We made our way down the grassy hill, our guts cautiously pressed to the ground. Skulking in the tall grass plants, we slid along the railway line. The weather was to our favour: the night was foggy and moonless.

We were the first shot that soon would turn into the Equestrian Army’s full-scale advance. It was high time to drive the stripies off our land. We had already retaken Old Appleloosa; the rest of the South was the next step.

Before the war, Wild Appleloosa was a good place. There was a huge open-air amusement park that had been operating all around the clock. When the war started, they’d closed the park and built a lot of barracks, warehouses and stuff.

The old park was still there though, and we were moving from the railway to it. They had given us the orders to capture a prisoner to interrogate, a radio boy of the stripies, who must have all the cyphers and frequencies for their waves. If the HQ knew what the enemy was going to do, the losses from our side would be much less.

Nopony would save us if we failed.

In the joyous days of childhood,
Oft they told of wondrous love,
Pointed to the godly Empress;
Now they dwell with Her above.

“Turney, what’s the time?” Lieutenant spoke quietly to the other sergeant.

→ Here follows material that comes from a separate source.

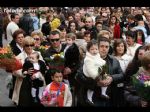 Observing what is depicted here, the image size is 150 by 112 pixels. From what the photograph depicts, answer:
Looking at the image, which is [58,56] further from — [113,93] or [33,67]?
[113,93]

“Five minutes to three, sir,” he whispered back.

“We don’t have time to wallow. Anypony saw the tower through the fog?”

I pointed to the outline of a two-storey building. “They’re in the administration quarters. The park was managed from there.”

“So we gotta cross the street and they’re bloody many.”

“Sir—” I said to Lieutenant, “May I?”

“Go ahead, Sarge.”

I’d visited this park a lot with my sister. Even though it had been years ago, I remembered the streets and alleyways rather well. To get to the bank, you should follow either along the street or down a narrow alley previously used as a way in for park workers. The security pony used to make it effectively impossible to sneak in through it, but what it was now as I guessed…

You couldn’t blame the stripies for being asleep. Most likely, last night their general noted on his map that the enemy forces were a hundred kilometres away and took off his trousers for a peaceful nap. We were going to strike them in an hour.

It’s easier to be invisible in dark streets if you’re sneaking up all on your own. Less hooves, less stomping. Less smell. Though each of us soldiers could boast that our noses felt nothing but gunpowder, it wouldn’t be quite true. I’d know the whiff of stripies anywhere…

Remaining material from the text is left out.